MA 15+, 106 minutes
4 Stars
Review by © Jane Freebury
Without a lot to go on, little things loom large in this intriguing new feature from Iceland. The land of fire and ice is a powerful presence as both location and ultimately, a walk-on character.
It is set in a wide, treeless valley ringed by monumental mountains sweeping into the distance. An attractive, red-roofed sheep farm in the middle distance is run by a young couple who seem happy together but give little away. They have been dealt a blow of some sort. Initially, with little to go on from their simple existence, details like the name on a record sleeve and an indecipherable photograph on their fridge, assume telling significance, for little good reason.
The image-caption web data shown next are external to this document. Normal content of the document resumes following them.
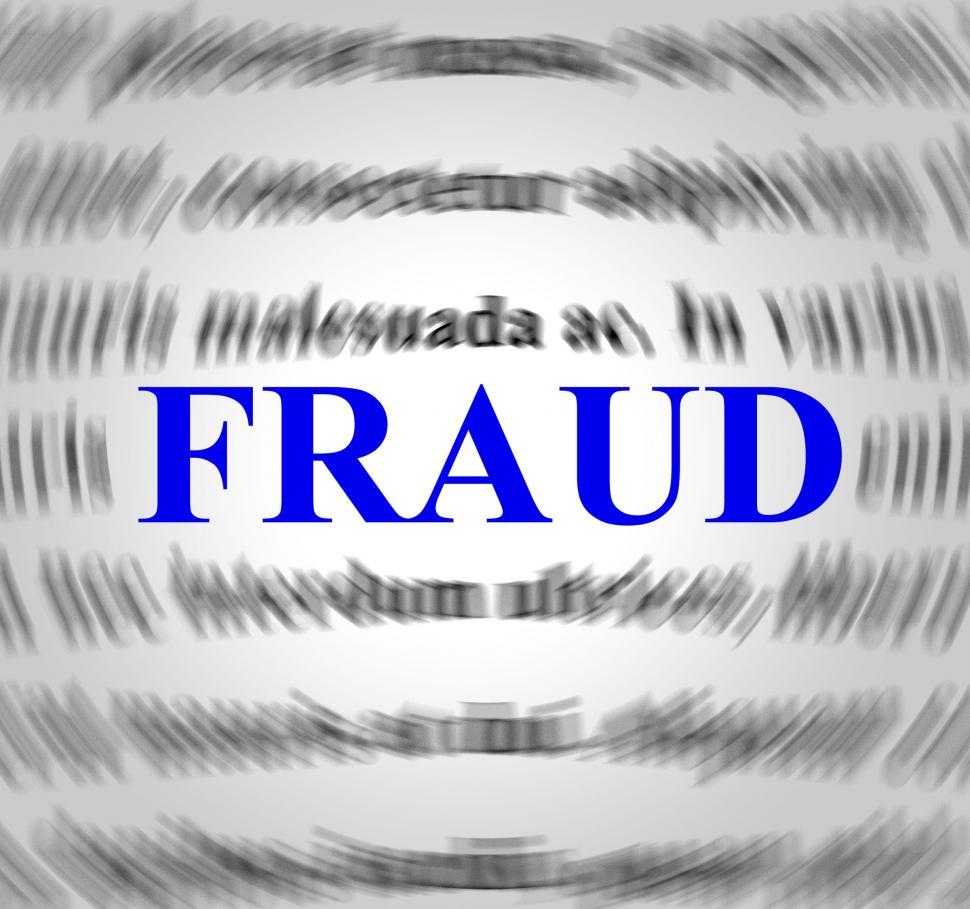 Free Stock Photo of Fraud Definition Indicates Rip Off And Con Download Free Images and Free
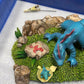 [REMAINING BALANCE] 1/20 Scale World Figure [STPT] - Totodile & Croconaw & Feraligatr & Barboach & Whiscash & Buizel & Floatzel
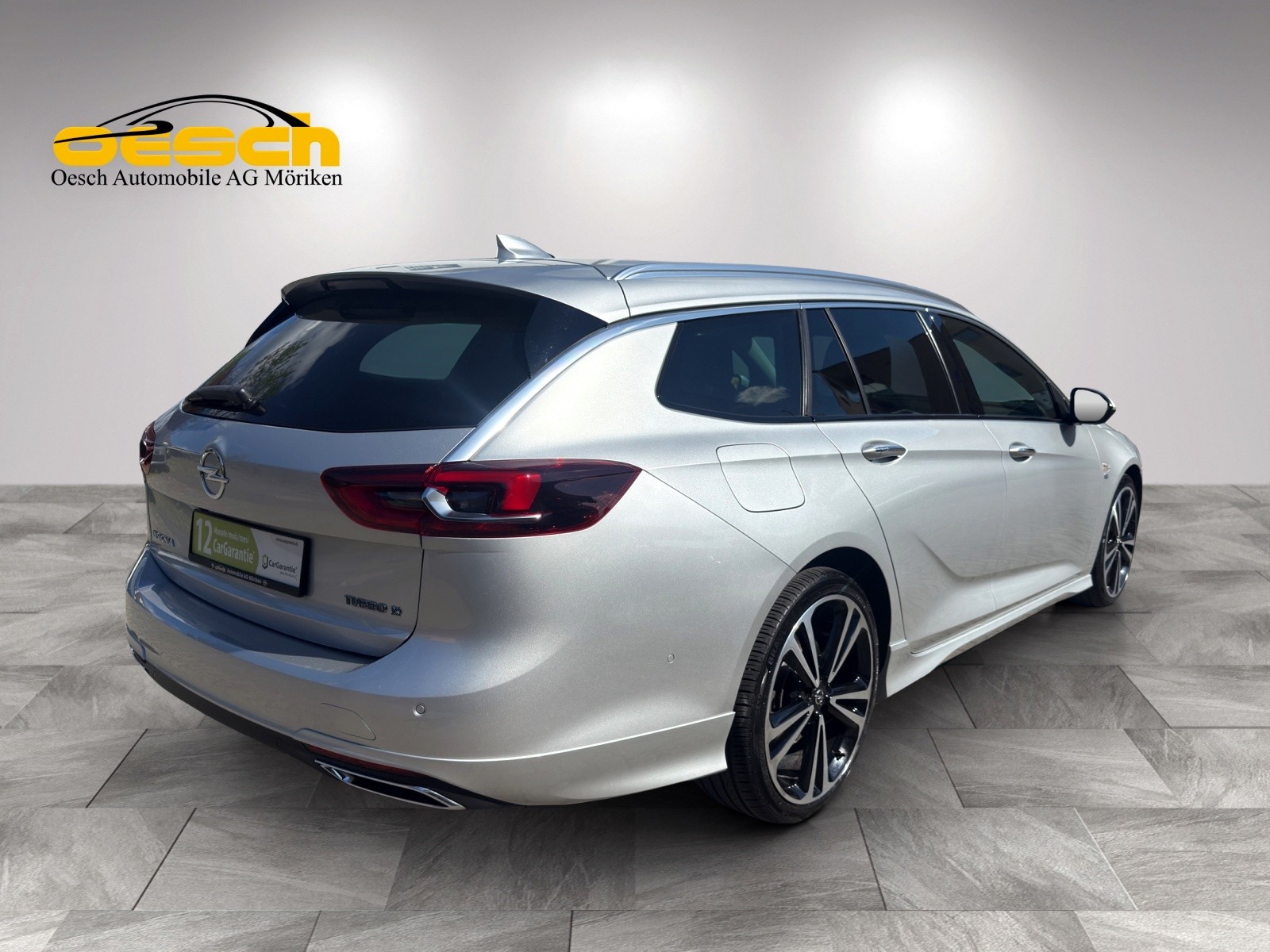 OPEL Insignia Sports Tourer 2.0 T Excellence AWD-image-4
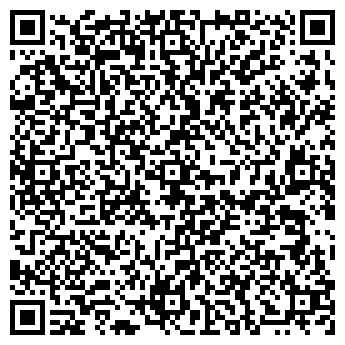 QR-код с контактной информацией организации Том & Джерри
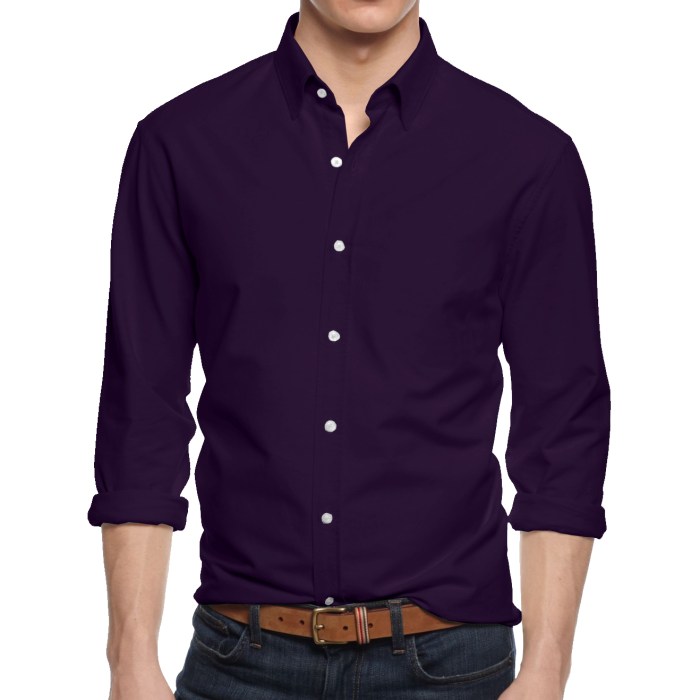 Men's button down dress shirts long sleeve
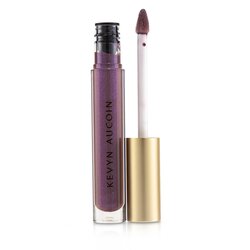 Kevyn Aucoin The Molten Lip Color Molten Gems - # Blue Amethyst 4.12ml/0.14oz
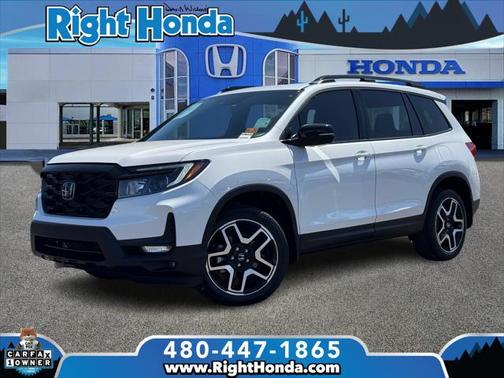 2023 Honda Passport AWD Elite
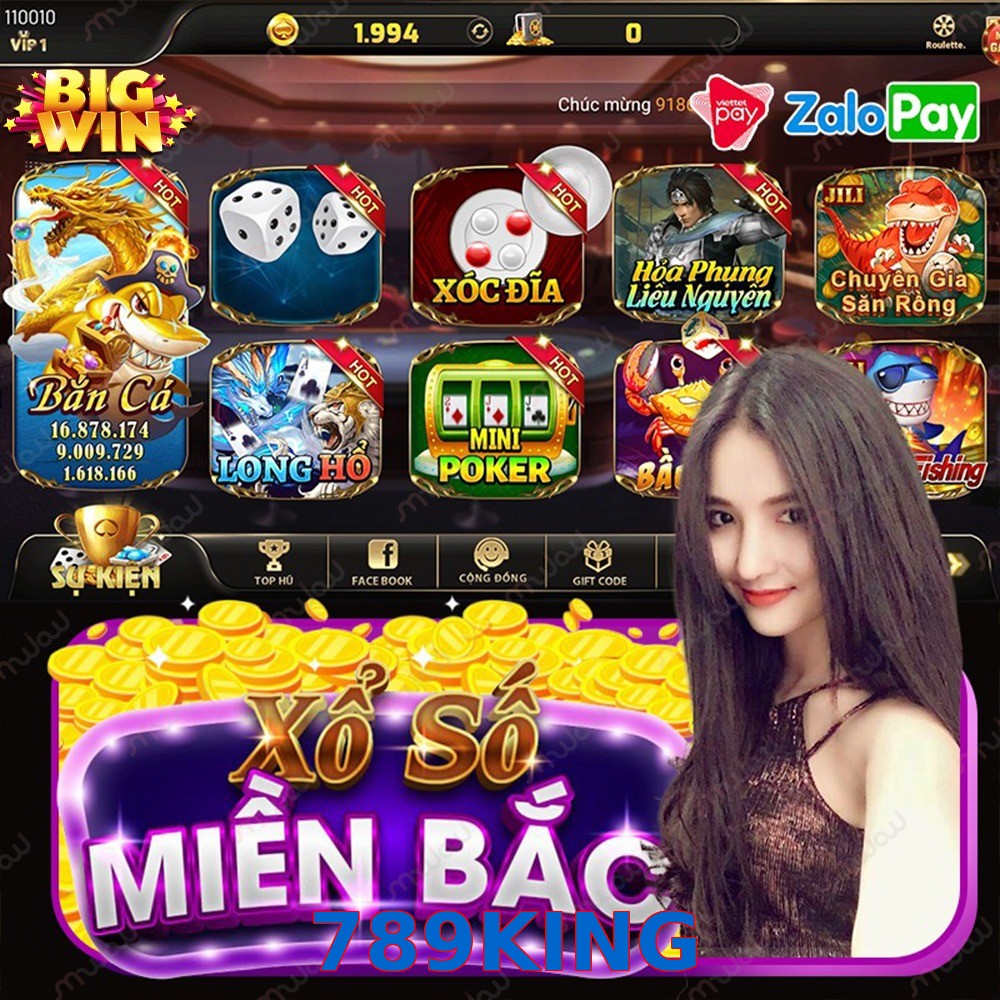 789KING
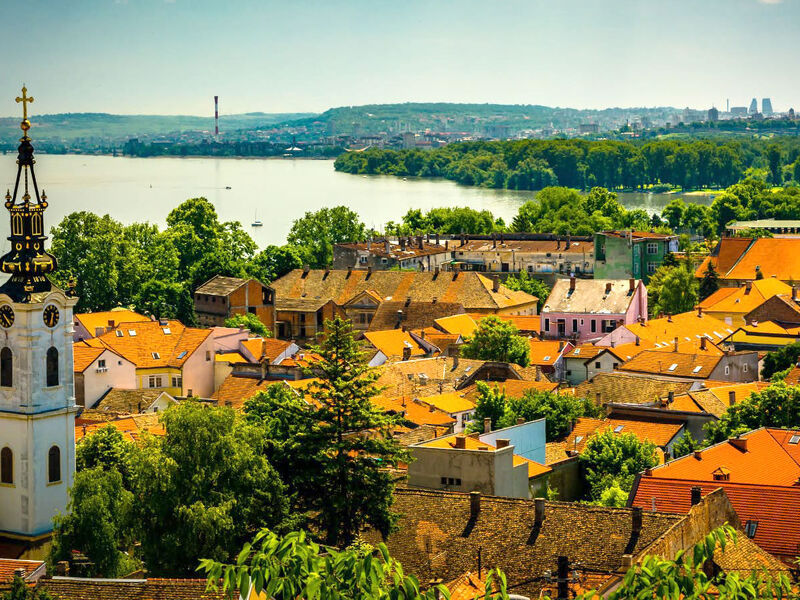 AJET HY İLE BÜYÜK BALKAN TURU 6 ÜLKE ANKARA VİZESİZ - SKP-SKP 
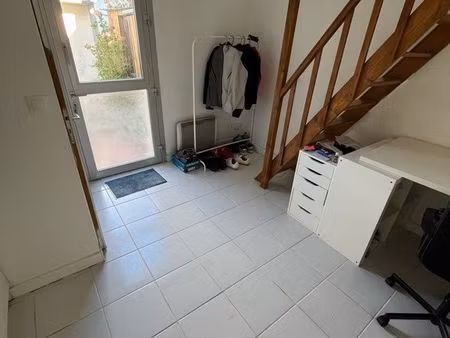 location meublé duplex 30m2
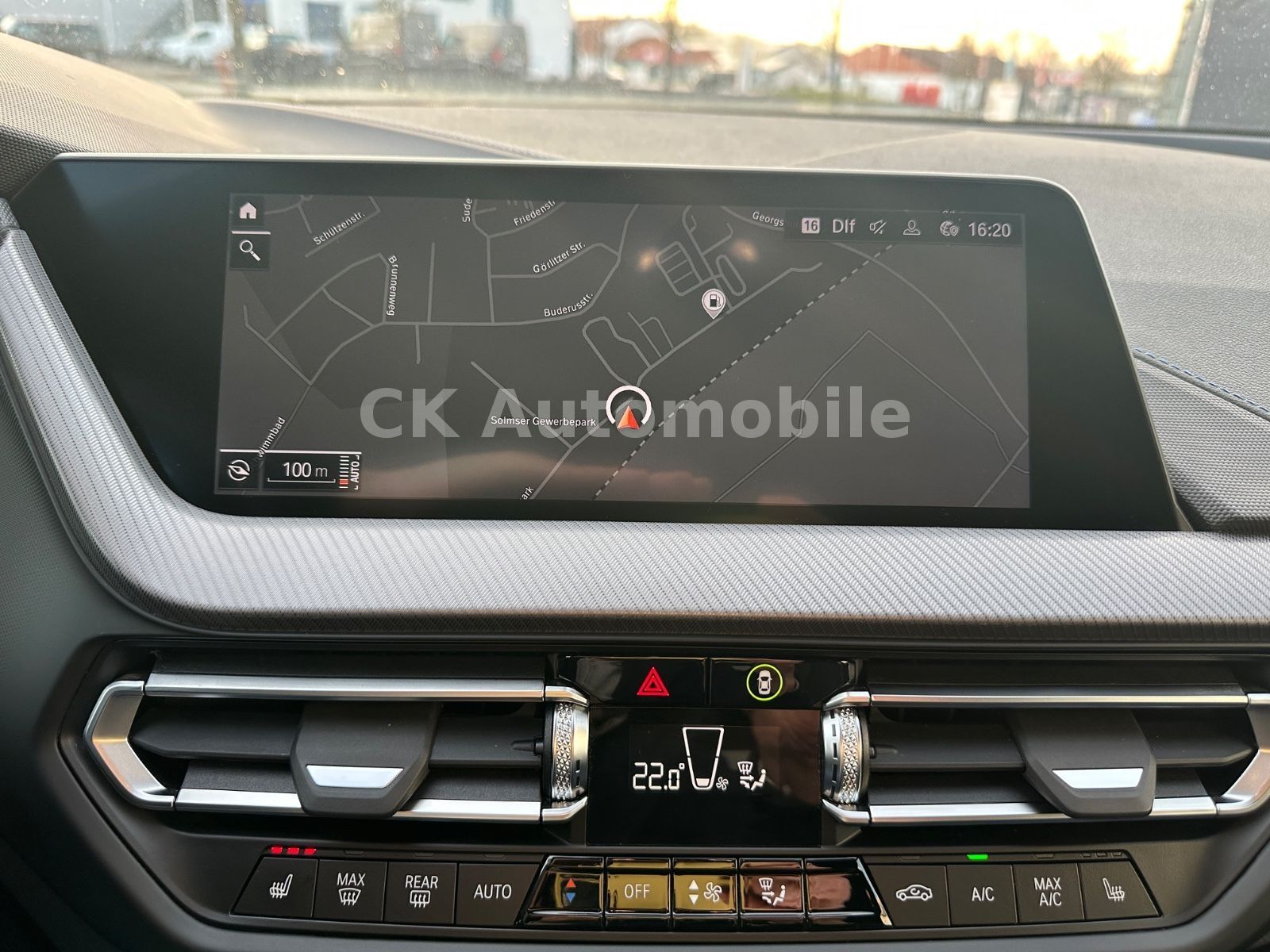 Fahrzeugabbildung BMW 218i Gran Coupé M-Sport/Shadow-LineNavi/LED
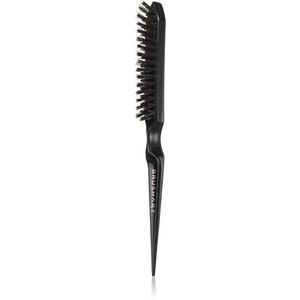 BrushArt Hair Boar bristle volume hairbrush hajkefe a hajtérfogat növelésére kép
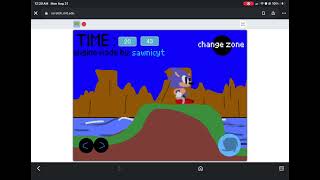 mobile sonic engine showcase!!! check desc for link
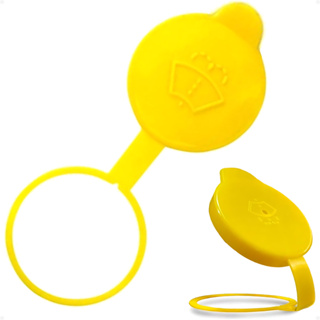 Tampa Reservatorio Agua Chevrolet Celta Corsa Prisma Agile Amarelo em Oferta na Shopee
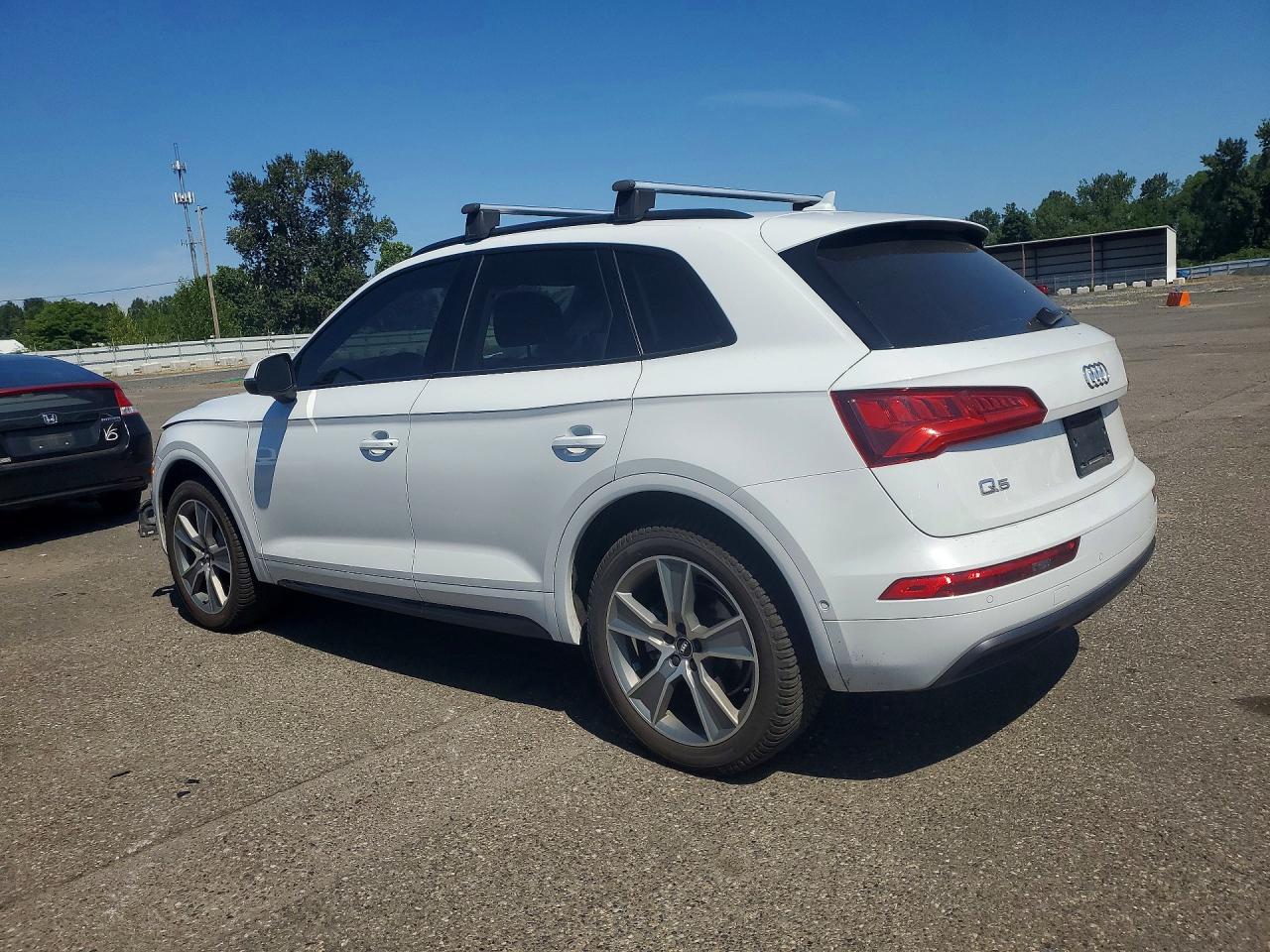 2019 AUDI Q5 quattro Prestige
We scratch our heads and meditate on the soundtrack, graced with horror notes. The style of cinematography from Eli Arenson is also replete with suggestion, in the white-out at the start in which a herd of horses are spooked, and other suggestive establishing shots. Around the farm, the watchful sheepdog looks cowed and wary, and the sheep in their stalls are not their dependably placid selves.
The tiny, isolated farm and its flock are alone, but not entirely. There is a distinct possibility that a malevolent presence is stalking, observing and even penetrating their lives. Only the establishment’s tabby cat seems to carry on regardless, unperturbed.
Few of the squeamish details are elided, then the cinematography suddenly gets coy and looks away
As Radio Reykjavik announces Christmas and the church bells peel frantically, the Christian spirit may be under threat from something dark and unfathomable that is out there, or is perhaps already in the inner sanctum.
The taciturn young couple, Maria (Noomi Rapace, unforgettable in the original, Swedish-language Girl with a Dragon Tattoo films) and Ingvar (Hilmir Snaer Gudnason), have little to say beyond the practical though Maria is at least open to other ideas. Like the topic of time travel that she introduces one night over a basic meat and potatoes dinner. Travel into the future or back into the past might be possible, we may be free to choose where to go.
The audience isn’t spared some of the raw facts of rural life, like the earmarking of lambs. In the scenes in which we witness Maria helping ewes deliver, few squeamish details are elided as she pulls the quivering lambs from their mother’s bodies. After a few newborns are suckling and wobbling around happily, the cinematography suddenly gets coy and looks away.
It’s a strategy not a million miles away from Roman Polanski’s maddeningly brilliant non-disclosure in his horror classic Rosemary’s Baby, in which he didn’t divulge the riveting secret until the final frames around the bassinet.
In Lamb, after one of the ewes gives birth to a creature as the camera looks away, Maria swiftly swaddles it in a blanket and pops into an improvised cradle. A few muffled bleats give the game away, but only in part.
The vision of Icelandic creatives often seems closely connected with the glaciated, sparsely populated island on which they live, so it is with this film too
Ingvar’s brother visits. The arrival of Petur (Bjorn Hlynur Haraldsson), a city type who is unceremoniously dumped in nearby countryside by a carload of friends or acquaintances, might herald an outsider perspective on these strange events. Once I’d reassured myself that Petur was in fact a separate character, and not Ingvar’s Haraldsson playing his twin, the revelations still didn’t flow. Then it is finally revealed that Maria and Ingvar’s adopted child is a hybrid. They name her Ada.
As it becomes increasingly apparent that both the adoption of the hybrid child and the violent act that was involved in achieving it are a flagrant riposte to natural laws, the sense of dread is heightened. However, the filmmakers do use restraint and resist the lure of horror tropes, with most of the action taking place in daylight. When it arrives, the personification of an avenging nature is powerful, more than enough to strike terror in the heart of miscreants who disrespect it.
Constructed like a fable in three chapters, Lamb is a first feature from Icelandic director Vladimar Johannsson, who collaborated on the screenplay with Sjon, novelist, lyricist, and frequent collaborator with the singer Bjork.
Although the filmmakers say they didn’t draw on Icelandic myths and legends, Lamb has the look and feel of folklore. It often seems that the vision of Icelandic creatives is closely connected with the glaciated, sparsely populated island on which they live and so it is with this film too.